» **YOUR TASK**
Write out exactly, with both ends included, the lines that run from the line containing "Wrist Rest Pad" to the end of the entries. Pictures are not part of the answer.

» **INPUT**

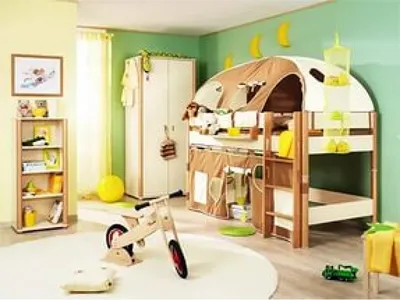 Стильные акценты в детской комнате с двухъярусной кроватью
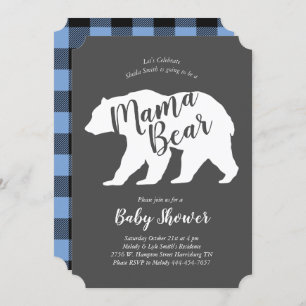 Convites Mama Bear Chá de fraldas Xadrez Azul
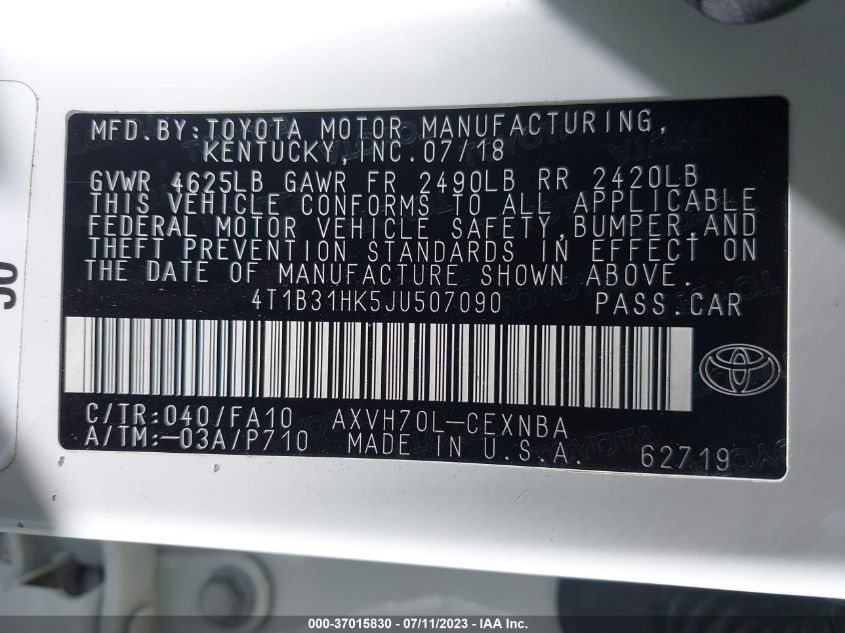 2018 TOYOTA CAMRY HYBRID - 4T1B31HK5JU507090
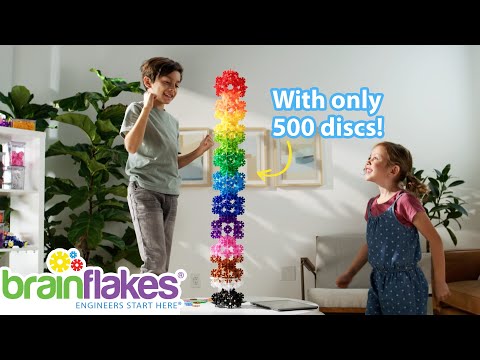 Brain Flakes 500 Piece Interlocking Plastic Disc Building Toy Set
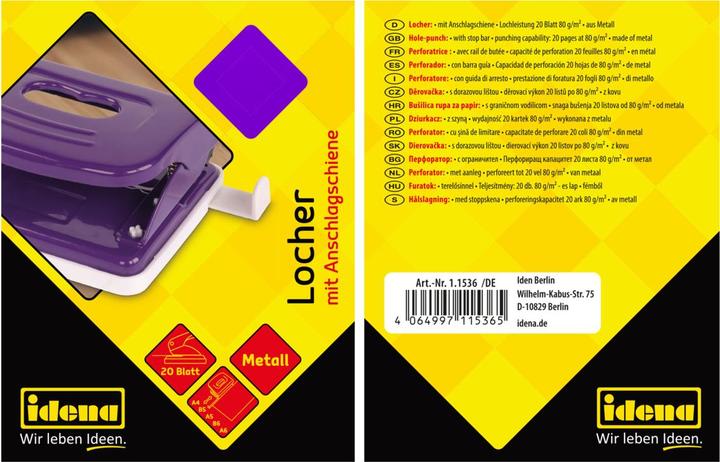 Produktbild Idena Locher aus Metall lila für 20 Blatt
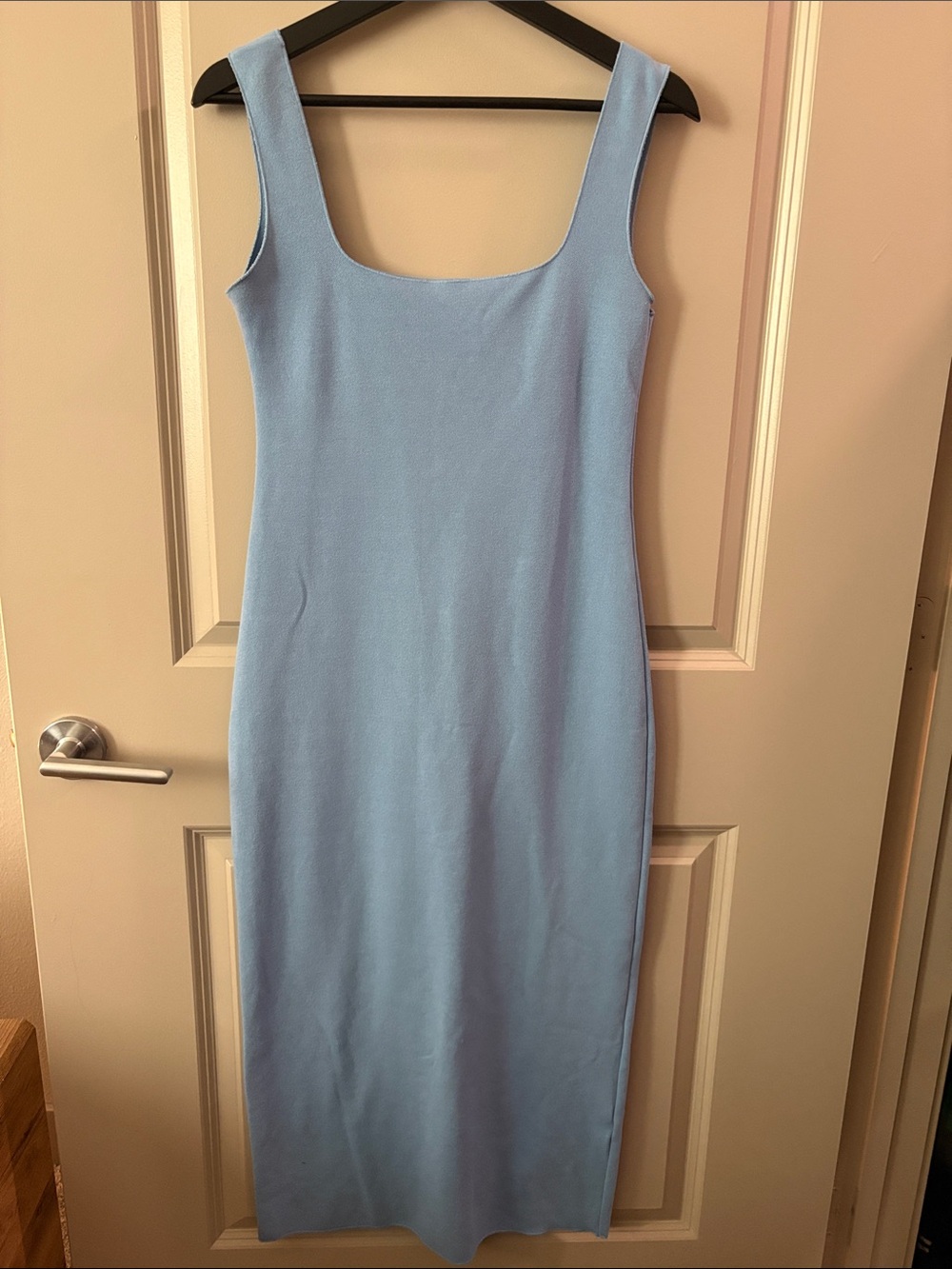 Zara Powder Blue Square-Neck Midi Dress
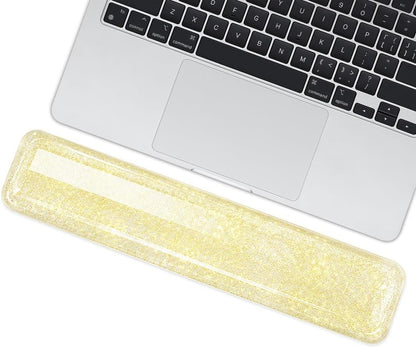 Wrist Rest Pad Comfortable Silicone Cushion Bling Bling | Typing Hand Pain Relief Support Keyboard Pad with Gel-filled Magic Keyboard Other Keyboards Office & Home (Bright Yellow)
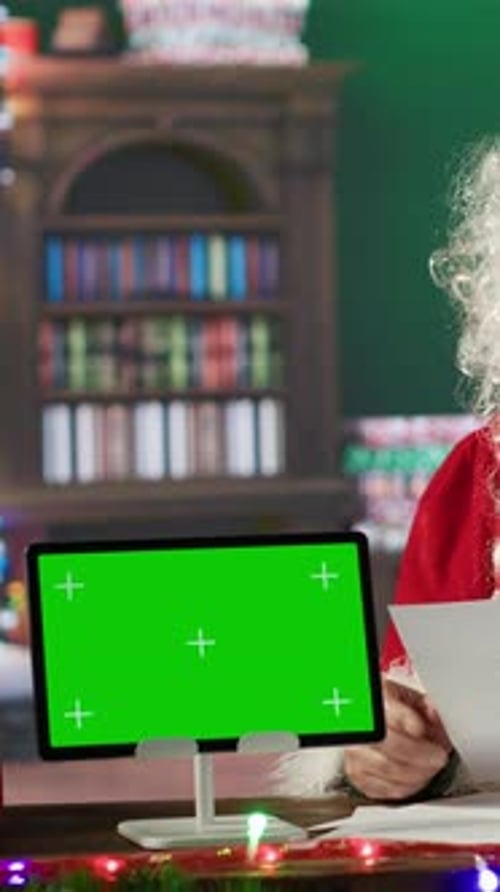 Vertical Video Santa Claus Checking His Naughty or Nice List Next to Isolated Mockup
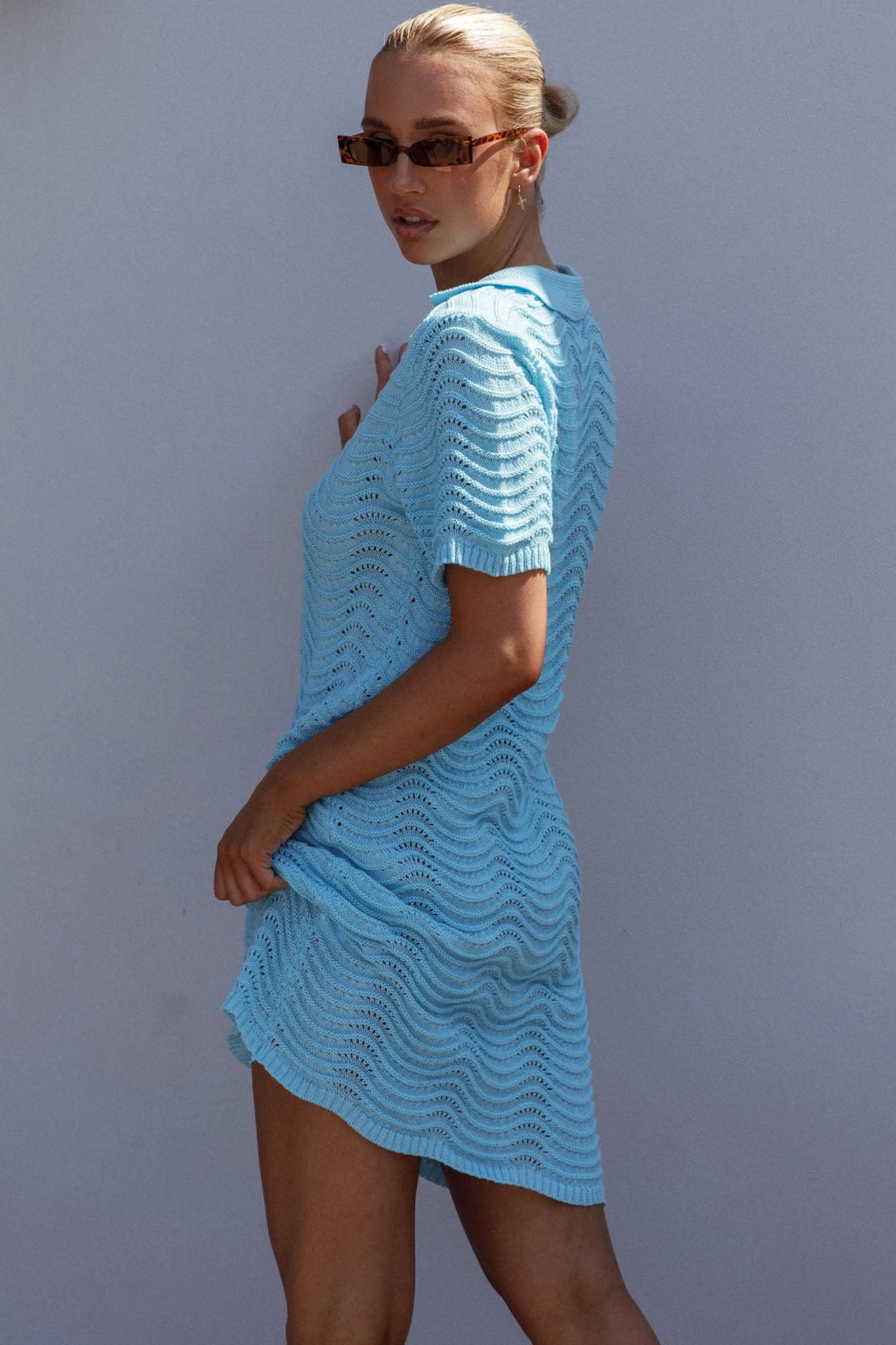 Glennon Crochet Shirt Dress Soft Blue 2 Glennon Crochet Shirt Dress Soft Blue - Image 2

» **PROBLEM SOLUTION**
 Wrist Rest Pad Comfortable Silicone Cushion Bling Bling | Typing Hand Pain Relief Support Keyboard Pad with Gel-filled Magic Keyboard Other Keyboards Office & Home (Bright Yellow)
 Vertical Video Santa Claus Checking His Naughty or Nice List Next to Isolated Mockup
 Glennon Crochet Shirt Dress Soft Blue 2 Glennon Crochet Shirt Dress Soft Blue - Image 2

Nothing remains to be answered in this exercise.